Your Company Needs a Board of Directors: Here’s How to Build One

Board

Tell me if this scenario sounds vaguely familiar: The CEO of a young start-up is out of options. As she dials the phone, she begins to worry about the voice she will hear on the other end of the call. That’s because the CEO is calling the chair of her company’s board of directors, and she is about to inform the chair that the company needs additional funding in order to reach payroll this quarter. How much? Let’s just say a large sum. One of the company’s largest customers, the CEO says, is delayed in making payment. As a result, the CEO has nowhere to turn but to the chair of her board of directors.

In business, surprises can happen. Customers can be slower than you might expect in paying invoices. And new CEOs can make mistakes. That example is just one of many that I have heard over the years, but it’s a common one. And it’s an example as to why start-up companies must organize a strong and talented board of directors (BoD).

A BoD is comprised of advisors who fill gaps in the company’s expertise. The board can be called in at agreed-upon times to provide input for the CEO and the company. The board and its members can field questions on strategy and compensation, and keep a CEO focused on hitting key milestones, prioritizing goals, navigating risks, meeting standard financial principles, and ensuring there is adequate cashflow to run the business. The board also maintains a fiduciary responsibility to the shareholders, to ensure their investments are being spent properly.

In short, the assembly of a BoD is more than just a component for success; it is an absolutely essential cog in the development of a start-up company. Before new CEOs uncork their champagne and celebrate funding commitments from their investors, they should organize a BoD. Here’s how:

1. Odds are better than evens.

Your BoD will need an odd number of members in order to function properly, for voting purposes. The typical structure of an early-stage board typically includes two representatives of the company, two investors, and one independent that is mutually agreed upon.

Helpful tip for later: In some cases, your company can nominate and appoint what are called board observers. Not only do board observers serve as a nice compromise when investors or other allies want to be on the board and all seats are filled. But they also can add an extra set of eyes and ears in the room. As non-participatory members, they won’t have an official say on your company’s decisions, but they can provide savvy and influence when and where it matters most. (However, they still will require airtime in meetings and will need to be communicated with as much as the board members.)

2. Take your time.

You wouldn’t drop to one knee and make a marriage proposal to someone that you just met, right?
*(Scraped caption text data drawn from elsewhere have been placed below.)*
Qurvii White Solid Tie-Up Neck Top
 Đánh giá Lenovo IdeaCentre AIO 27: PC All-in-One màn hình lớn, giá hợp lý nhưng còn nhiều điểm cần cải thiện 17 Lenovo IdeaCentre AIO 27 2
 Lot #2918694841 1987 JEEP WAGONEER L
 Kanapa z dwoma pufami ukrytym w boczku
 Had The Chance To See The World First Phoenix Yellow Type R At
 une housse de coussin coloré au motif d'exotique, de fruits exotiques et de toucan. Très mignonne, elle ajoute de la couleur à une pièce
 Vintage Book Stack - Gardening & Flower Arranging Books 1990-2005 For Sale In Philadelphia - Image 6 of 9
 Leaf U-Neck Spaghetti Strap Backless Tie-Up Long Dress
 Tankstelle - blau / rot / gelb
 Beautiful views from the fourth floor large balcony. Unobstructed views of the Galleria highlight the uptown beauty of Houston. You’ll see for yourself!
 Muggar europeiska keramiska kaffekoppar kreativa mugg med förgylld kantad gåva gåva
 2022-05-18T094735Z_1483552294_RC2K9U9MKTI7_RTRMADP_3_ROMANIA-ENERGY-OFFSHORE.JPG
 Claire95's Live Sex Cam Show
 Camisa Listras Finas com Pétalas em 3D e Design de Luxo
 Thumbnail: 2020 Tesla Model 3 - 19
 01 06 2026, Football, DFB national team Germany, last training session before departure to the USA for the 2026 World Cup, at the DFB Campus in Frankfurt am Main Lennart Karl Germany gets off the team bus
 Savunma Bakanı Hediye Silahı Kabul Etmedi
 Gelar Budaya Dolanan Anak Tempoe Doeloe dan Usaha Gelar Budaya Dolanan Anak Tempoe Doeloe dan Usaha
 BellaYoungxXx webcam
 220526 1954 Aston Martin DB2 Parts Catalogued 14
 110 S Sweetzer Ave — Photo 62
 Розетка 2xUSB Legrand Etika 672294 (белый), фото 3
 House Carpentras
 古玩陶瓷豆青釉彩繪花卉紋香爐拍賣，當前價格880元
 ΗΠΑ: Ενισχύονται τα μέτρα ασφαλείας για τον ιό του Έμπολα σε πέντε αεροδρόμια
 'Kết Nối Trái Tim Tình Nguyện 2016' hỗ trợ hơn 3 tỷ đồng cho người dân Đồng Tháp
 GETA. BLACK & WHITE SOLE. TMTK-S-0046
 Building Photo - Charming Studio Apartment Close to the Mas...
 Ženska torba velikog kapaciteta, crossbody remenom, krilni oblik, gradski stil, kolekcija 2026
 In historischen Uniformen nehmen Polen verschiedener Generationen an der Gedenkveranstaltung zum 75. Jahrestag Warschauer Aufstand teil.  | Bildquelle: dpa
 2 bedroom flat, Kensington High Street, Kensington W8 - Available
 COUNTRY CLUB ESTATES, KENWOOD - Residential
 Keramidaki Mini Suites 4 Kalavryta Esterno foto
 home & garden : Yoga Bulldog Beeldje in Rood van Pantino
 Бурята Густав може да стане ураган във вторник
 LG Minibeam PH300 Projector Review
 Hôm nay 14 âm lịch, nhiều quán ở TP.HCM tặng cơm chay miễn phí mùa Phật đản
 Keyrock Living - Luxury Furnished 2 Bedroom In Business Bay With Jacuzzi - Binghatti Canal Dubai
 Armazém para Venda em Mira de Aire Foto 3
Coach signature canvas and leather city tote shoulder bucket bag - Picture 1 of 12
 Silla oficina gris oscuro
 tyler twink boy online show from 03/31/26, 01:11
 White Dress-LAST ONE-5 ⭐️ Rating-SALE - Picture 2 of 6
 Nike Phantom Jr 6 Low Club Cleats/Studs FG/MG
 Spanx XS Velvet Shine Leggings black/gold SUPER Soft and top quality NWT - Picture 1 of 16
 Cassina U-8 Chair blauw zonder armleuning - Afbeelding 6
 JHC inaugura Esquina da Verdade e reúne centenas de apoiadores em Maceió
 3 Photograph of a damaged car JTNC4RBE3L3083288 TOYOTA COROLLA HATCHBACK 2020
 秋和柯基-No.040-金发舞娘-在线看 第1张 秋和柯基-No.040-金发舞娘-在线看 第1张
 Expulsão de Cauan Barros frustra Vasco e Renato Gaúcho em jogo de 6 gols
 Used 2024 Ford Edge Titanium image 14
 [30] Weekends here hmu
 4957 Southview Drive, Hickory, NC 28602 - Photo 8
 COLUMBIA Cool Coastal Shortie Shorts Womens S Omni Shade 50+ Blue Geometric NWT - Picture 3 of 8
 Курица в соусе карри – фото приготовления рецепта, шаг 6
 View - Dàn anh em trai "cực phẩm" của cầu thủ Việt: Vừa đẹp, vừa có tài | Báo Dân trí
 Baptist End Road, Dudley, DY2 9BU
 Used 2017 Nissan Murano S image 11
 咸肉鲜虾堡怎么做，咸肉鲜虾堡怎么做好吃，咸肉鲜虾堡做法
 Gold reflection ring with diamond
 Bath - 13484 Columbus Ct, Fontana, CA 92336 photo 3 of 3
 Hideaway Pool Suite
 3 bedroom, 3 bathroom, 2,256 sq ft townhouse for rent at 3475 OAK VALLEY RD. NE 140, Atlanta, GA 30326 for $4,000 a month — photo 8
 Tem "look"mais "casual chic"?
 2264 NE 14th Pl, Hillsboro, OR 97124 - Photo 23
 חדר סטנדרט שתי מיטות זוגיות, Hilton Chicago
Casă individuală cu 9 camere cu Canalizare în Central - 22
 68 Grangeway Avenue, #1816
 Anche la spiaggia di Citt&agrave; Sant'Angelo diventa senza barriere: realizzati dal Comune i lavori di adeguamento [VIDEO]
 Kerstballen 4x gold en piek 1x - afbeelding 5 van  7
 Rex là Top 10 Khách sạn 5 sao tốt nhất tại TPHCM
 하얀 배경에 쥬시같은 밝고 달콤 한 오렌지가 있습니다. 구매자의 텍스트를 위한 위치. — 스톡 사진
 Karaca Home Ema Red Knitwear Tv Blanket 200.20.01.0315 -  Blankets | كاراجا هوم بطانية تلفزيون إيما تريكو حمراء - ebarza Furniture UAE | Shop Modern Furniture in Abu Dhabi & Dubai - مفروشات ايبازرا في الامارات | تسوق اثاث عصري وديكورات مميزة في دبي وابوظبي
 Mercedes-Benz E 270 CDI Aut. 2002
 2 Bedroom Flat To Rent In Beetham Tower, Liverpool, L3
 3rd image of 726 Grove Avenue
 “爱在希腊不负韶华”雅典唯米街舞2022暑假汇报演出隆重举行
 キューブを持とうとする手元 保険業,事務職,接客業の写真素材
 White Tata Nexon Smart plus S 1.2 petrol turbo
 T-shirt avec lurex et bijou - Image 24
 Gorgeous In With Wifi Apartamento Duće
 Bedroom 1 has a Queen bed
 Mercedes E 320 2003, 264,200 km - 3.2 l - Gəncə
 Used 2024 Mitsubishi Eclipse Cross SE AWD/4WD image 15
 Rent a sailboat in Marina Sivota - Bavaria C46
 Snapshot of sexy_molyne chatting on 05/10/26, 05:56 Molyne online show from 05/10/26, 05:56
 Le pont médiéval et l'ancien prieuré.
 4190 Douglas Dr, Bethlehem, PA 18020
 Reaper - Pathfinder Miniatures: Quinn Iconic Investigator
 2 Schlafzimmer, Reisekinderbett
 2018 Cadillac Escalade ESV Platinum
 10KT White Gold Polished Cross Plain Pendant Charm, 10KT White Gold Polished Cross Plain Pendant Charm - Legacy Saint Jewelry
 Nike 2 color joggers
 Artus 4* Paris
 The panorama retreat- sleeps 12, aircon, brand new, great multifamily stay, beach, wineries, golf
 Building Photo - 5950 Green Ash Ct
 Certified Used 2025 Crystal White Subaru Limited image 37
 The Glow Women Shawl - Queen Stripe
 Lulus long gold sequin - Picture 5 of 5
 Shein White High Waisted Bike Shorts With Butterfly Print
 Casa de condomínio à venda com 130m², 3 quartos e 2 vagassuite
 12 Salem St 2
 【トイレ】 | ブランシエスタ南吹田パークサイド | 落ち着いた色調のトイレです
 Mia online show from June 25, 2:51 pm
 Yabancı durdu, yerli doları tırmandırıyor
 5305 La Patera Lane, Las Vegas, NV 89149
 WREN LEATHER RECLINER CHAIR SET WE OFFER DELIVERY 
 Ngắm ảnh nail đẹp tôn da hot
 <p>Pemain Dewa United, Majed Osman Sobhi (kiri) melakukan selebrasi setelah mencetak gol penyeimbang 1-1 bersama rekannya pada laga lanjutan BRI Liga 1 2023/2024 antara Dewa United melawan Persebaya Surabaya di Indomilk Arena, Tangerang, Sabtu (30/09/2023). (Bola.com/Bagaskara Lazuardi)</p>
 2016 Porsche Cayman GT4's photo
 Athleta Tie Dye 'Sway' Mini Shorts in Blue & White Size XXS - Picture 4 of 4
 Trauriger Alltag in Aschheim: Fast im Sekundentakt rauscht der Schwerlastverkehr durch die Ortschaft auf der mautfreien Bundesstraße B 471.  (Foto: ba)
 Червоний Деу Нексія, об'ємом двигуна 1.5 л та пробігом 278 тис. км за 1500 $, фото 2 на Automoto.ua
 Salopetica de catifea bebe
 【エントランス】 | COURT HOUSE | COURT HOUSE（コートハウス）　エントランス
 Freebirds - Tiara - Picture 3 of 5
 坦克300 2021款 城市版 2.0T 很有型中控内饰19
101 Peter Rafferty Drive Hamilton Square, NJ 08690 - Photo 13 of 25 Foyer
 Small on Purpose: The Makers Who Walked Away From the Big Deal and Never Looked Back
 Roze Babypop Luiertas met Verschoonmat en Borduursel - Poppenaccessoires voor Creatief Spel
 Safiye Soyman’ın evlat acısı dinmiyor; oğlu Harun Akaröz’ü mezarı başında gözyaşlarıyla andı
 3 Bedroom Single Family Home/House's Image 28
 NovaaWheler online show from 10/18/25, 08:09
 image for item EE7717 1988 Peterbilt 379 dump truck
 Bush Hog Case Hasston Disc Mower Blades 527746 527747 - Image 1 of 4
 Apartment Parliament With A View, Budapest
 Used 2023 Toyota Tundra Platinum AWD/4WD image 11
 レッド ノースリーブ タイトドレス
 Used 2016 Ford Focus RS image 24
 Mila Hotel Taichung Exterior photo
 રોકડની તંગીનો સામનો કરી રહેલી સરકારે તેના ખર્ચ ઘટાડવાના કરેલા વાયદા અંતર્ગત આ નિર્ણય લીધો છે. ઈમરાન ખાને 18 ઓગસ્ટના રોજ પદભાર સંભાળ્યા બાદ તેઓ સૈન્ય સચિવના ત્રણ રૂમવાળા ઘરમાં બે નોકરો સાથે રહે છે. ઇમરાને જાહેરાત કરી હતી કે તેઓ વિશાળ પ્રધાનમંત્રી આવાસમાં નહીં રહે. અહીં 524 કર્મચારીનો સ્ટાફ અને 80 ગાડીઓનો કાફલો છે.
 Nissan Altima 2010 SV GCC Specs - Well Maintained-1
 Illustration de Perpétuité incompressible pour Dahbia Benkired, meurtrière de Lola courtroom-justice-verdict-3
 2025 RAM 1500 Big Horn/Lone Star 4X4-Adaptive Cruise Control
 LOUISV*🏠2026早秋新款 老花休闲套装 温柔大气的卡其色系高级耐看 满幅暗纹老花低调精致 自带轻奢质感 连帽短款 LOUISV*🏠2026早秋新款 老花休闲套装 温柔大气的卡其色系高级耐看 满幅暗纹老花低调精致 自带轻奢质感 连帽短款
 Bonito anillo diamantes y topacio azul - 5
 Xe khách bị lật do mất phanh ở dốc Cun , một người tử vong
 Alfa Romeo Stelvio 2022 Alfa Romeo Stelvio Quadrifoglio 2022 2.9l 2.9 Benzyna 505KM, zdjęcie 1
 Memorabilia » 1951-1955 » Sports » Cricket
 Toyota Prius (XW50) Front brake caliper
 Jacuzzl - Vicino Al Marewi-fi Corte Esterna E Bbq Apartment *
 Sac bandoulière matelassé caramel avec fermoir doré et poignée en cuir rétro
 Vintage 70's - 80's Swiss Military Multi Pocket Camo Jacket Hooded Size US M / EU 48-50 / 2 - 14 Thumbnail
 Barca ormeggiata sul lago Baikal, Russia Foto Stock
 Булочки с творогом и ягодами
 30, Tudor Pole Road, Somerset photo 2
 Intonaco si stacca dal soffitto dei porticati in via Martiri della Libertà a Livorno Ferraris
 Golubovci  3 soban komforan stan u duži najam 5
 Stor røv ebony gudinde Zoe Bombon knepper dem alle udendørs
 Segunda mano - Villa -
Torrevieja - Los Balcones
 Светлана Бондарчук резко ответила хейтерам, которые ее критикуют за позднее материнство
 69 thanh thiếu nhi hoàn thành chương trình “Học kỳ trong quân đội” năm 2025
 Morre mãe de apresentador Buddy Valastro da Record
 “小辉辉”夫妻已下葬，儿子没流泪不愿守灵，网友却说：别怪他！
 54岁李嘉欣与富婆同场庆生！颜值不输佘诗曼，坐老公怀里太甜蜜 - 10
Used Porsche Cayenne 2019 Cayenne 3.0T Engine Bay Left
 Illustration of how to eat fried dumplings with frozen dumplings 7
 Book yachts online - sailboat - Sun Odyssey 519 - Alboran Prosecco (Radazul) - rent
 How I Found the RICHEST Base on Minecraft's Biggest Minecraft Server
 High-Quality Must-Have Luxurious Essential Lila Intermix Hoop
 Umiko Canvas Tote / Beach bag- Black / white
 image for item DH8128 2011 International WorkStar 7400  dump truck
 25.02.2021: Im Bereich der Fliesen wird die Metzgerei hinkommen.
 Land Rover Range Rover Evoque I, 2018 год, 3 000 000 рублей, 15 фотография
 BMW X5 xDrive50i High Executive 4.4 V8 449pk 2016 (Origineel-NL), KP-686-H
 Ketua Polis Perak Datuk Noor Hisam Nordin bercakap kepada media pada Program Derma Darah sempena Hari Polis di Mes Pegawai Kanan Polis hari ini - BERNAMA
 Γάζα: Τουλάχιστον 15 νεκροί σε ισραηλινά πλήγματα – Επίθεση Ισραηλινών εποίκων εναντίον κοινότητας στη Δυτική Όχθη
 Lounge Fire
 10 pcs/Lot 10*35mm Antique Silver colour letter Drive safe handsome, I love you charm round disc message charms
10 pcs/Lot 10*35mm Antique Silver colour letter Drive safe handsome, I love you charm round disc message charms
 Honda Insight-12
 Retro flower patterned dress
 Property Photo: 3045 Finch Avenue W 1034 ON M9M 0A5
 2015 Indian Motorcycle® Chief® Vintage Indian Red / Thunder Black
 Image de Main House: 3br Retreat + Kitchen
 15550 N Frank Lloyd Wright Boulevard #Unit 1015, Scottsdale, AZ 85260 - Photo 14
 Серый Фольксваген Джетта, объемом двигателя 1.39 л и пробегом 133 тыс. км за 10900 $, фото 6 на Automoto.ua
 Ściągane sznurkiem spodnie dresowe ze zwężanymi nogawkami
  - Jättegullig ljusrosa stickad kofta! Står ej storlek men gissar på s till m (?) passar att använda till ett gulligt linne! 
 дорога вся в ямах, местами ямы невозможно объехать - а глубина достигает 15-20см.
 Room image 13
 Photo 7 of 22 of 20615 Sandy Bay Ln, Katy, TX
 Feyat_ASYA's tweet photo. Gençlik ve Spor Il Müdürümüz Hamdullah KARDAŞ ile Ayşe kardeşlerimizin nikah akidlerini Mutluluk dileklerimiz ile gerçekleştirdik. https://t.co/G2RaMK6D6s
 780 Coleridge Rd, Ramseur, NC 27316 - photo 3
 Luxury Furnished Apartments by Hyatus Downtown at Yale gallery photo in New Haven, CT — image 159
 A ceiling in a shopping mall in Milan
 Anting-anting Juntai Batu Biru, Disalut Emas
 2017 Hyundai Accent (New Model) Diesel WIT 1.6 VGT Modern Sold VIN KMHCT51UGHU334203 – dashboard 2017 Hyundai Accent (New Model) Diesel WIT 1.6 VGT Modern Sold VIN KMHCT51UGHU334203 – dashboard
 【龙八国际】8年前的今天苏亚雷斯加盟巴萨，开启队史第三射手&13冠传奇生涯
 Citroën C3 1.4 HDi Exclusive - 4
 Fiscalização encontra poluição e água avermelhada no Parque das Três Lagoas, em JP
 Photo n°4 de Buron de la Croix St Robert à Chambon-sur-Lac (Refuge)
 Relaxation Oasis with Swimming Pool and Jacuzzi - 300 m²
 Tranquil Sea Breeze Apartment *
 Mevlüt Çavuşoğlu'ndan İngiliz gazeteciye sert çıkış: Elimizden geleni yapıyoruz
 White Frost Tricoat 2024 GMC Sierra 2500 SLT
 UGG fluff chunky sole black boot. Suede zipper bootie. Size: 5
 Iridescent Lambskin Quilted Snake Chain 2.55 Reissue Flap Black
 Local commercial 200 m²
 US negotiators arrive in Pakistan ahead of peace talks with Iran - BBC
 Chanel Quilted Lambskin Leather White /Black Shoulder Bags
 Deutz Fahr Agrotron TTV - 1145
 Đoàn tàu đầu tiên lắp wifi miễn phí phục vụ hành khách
The same theory can be applied toward choosing which people to appoint to your board. Finding the right people for your board will take equal parts time and patience. You need to do your homework. You need interview them. You need to get to know them. You need to call around to mutual acquaintances. Like a marriage, you will need to determine if someone is a good fit for the long haul for both you and your company.

3. Identify your allies.

A good rule of thumb: Look first to a trustworthy, reliable, and knowledgeable resource to serve as the chair or lead director of your board. He or she likely is already familiar with your company and knows your strengths and weaknesses as a professional.

Beyond that, this person will open doors for you and help build out your network of directors as the company grows. People with different talents and backgrounds should comprise your board. They could be experts in finance, marketing, a particular domain or industry, or any knowledge base that is truly unique to your company.

4. Diversify your board.

When it comes to your strengths and weaknesses, it’s safe to assume that you have them. We all do. In assembling your BoD, find professionals who will complement yours.

The lead director’s role on your board is to guide you through the potential landmines that every CEO faces and to build alignment on key issues with other board members. A best practice is to first receive input from the lead director on major changes; this will help frame the issues in your next board meeting and allow the lead director to obtain feedback in a post-meeting with non-company board members, as needed.

5. Communicate. Capitalize. Thrive.

Structuring your board does not end once it has been assembled. Now is the time to lay the foundation for its success—both in the present and in the long view. Here are a few guidelines:

  • Schedule meetings monthly, quarterly, or as regularly as needed. And be sure to send your dashboard and all relevant and routine information ahead of time. That way, your meetings will be reserved for focusing on key actions (like hires, funding, etc.) and not on presentations.
  • Remember that anecdote I offered at the beginning of this? Communicate with the BoD actively, and not only in times of crisis or need.
  • Lastly, be transparent. You are dealing with seasoned professionals here. They can see your obfuscation from a mile away, and they will appreciate your ability to provide full disclosure.